Data frames have some limitations. All columns in a data frame should have the same length and all elements in one columns are of the same type. If we change the Age
of Alice
from 15
to fifteen
, then also the other integer values in Age
will change to string 25
and 35
. In order to make sure that the R structure is a data frame, the R function as.data.frame
can be used.
The columns in a data frame have a name. These names are important because they are used as column names by DataLink.
Important
In R columns can have empty values (called NA
in R). However, data frames with empty values are not supported by RLink yet.
SetData and GetData
RLink is a DataLink provider but it operates differently. It still uses a data map to specify the mapping between identifiers in AIMMS and names of tables and columns in the source. The difference is that it allows the R code to decide when data is being read or written. For this calls can be made in R using the functions aimms::SetData
and aimms::GetData
from the AIMMS package.
Data can be send from R to AIMMS using:
aimms::SetData( Name , Dataframe )
Data can be send from AIMMS to R using:
Dataframe <- aimms::GetData( Name )
Here Name
is a string and Dataframe
is a data frame.
Both aimms::SetData
and aimms::GetData
have as first argument a name. This is the table name in DataLink jargon, and represents a table specified in the data map. When we call SetData
or GetData
, the table name is used to determine how the names in the data frame are mapped onto the identifiers in AIMMS. Unlike DataRead
and DataWrite
that read and write all tables in the data map, SetData and GetData only write to the one particular table specified as first argument.

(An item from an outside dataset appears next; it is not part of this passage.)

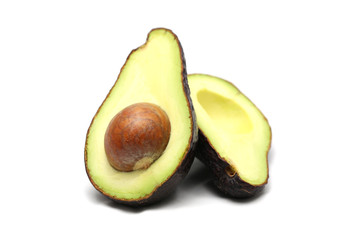 Avocado on white background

Now we can describe the setup of DataLink to Assume the AIMMS model contains a parameter AIMMS_age
that has as domain an index from set AIMMS_name
. Then the data frame described above can be read from R using aimms::SetData
.
First we have to create a data map:
dl::DataTables+={'MyDataFrame'};
empty DataMap;
DataMap(dl::dt,dl::idn,dl::cn,dl::dn) += data {
!( table_name , identifier , col , dom ) : name_in_dataframe
( MyDataFrame , AIMMS_Name , 1 , 1 ) : "Name",
( MyDataFrame , AIMMS_age , 2 , 0 ) : "Age"
} ;
In the first line we add MyDataFrame
to the set of tables in DataLink and then we reset the 4D string parameter DataMap.
Then we assign the names of the columns in the data frame (the string on the right hand side), to the 4D domain of DataMap. The first domain of DataMap is the table name which we just added, followed by the identifiers in AIMMS. Then we specify the column number followed by the domain number. The domain number is 0 when it is a parameter, and it has all identifiers with a non zero domain number as domain.
To associate the data map with a map name do:
MapName:="MyMapName";
dl::RemoveDataSourceMapping(MapName);
dl::AddDataSourceMapping( MapName, DataMap,
dl::DependEmpty,dl::TableAttributesEmpty,dl::ColAttributeEmpty);
To read the data from data frame df
in R into AIMMS_name and AIMMS_age, we can do:
dl::ExecScript("aimms::SetData(\"MyDataFrame\",df)",MapName,XA);
Here the second argument of SetData is the data frame df
from which is being read.
To write to data frame df
in R we can do:
dl::ExecScript("df <- aimms::GetData(\"MyDataFrame\")",MapName,XA);
GetData
only has the table name as argument and returns a data frame.
Important
Other DataLink providers use functions DataRead
and DataWrite
for passing data. They are not supported in RLink.